Pour parler du silence, je commencerai par une citation. C'est la traduction d'une petite BD de Quino bédéiste argentin, père de Mafalda, jeune fille sans âge, lucide, directe et drôle.
Mafalda : - Pourquoi je dois le faire ?
La mère : – Parce que je te l'ordonne et que je suis ta mère !
Mafalda : - Si c'est une question de titre, je suis ta fille, et nous avons été titularisées le même jour, non ?
Toute la logique d'une fille ni petite, ni grande et quelle justesse. Mafalda n'est jamais silencieuse, elle dit ce qu'elle pense, ce qu'elle voit et ce qu'elle aimerait. Quoi de plus naturel pour un enfant que de s'exprimer.
J'ai été cette enfant-là, je voulais qu'on écoute mes propositions, je voulais dire mes envies, mes désaccords, mes révoltes. Mais à chaque fois j'étais réduite au silence. Quand ce que je désirais, voulais, proposais ne rentrait pas dans l'éventail fort restreint de la pensée maternelle, je devais obéir et me taire car je n'étais qu'une gamine.
Ah bon ! quand on est petit on n'a pas le droit d'avoir un avis ? Silence !
Le temps passa, je grandissait, je me taisais... pas tout le temps et j'ai pris quelques claques sur la bouche pour n'avoir pas su me taire à temps.

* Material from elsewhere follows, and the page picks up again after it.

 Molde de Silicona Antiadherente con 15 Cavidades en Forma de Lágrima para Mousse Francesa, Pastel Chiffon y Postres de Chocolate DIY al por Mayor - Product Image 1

Vint le moment où ma mère me disait :
- pour une grande fille comme toi, c'est mal ce que tu fais ! où
- une grande fille comme toi devrait montrer l'exemple !
Donc j'étais devenue une grande fille, quelle bonne nouvelle ! j'allais pouvoir donner mon avis sur ce qui me concernait et je n'allais pas m'en priver. Mais le temps de la libération a été poussé un peu plus loin :
- Tu discuteras, tu donneras ton avis quand tu ramèneras de l'argent à la maison.
Il est vrai qu'on manquait souvent. Donc silence ! pas tout le temps évidemment et j'avais appris à éviter les claques sur la bouche. Mais à 12-13 ans ce repli exigé, ces paroles retenues n'étaient pas sans conséquence sur mon moral et mon estime de soi. La dépression et l'angoisse m'envahissaient, la vie ne valait vraiment pas la peine d'être vécue.
Et puis j'ai eu 15 ans et selon le diktat maternel, les études ne servaient à rien pour les filles, un jour j'aurai un mari qui pourvoira à mes besoins et à ceux de mes enfants. Alors je travaille, je fais quand même un apprentissage, bien que ce soit « inutile ».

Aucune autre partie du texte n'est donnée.